[Opening Information given section]
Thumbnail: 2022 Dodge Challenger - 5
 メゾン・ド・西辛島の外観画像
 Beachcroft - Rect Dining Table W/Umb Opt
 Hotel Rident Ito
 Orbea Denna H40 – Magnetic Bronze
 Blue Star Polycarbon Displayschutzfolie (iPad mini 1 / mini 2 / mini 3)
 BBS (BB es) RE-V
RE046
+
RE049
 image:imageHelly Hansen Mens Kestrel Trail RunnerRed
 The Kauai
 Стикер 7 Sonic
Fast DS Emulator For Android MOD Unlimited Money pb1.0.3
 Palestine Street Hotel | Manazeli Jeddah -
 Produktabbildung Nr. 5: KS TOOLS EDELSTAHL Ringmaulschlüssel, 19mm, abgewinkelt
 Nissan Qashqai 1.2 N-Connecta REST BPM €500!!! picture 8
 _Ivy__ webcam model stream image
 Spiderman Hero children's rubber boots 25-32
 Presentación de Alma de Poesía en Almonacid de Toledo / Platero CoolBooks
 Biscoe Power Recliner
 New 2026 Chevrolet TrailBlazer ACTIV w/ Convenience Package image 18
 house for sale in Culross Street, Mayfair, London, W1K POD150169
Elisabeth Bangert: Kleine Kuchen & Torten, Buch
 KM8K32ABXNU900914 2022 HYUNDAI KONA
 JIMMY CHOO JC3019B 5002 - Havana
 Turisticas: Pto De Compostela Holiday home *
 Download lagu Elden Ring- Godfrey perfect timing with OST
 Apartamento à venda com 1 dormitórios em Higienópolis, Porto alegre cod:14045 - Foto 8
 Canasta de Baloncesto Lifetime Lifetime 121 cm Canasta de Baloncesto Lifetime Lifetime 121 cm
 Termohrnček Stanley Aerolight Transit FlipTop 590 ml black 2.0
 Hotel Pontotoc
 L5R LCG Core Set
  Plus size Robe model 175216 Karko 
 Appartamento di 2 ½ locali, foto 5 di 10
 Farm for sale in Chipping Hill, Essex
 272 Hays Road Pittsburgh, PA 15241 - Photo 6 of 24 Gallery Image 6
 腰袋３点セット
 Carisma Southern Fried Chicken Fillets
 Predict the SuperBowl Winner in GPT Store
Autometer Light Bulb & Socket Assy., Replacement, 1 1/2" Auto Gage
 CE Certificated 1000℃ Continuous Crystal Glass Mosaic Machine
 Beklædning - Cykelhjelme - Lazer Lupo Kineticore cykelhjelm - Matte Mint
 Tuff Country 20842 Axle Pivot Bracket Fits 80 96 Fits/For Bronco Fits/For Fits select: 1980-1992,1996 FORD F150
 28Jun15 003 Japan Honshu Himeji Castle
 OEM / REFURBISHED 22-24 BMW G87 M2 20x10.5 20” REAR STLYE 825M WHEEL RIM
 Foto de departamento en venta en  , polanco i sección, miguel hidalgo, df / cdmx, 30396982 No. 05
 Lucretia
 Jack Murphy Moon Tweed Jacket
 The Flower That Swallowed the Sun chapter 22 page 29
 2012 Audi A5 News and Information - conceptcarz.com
[Closing Information given section]
What you are asked to do:
Search the records above for "sale" and copy every line that has it.

Exercise answer:
 house for sale in Culross Street, Mayfair, London, W1K POD150169
 Farm for sale in Chipping Hill, Essex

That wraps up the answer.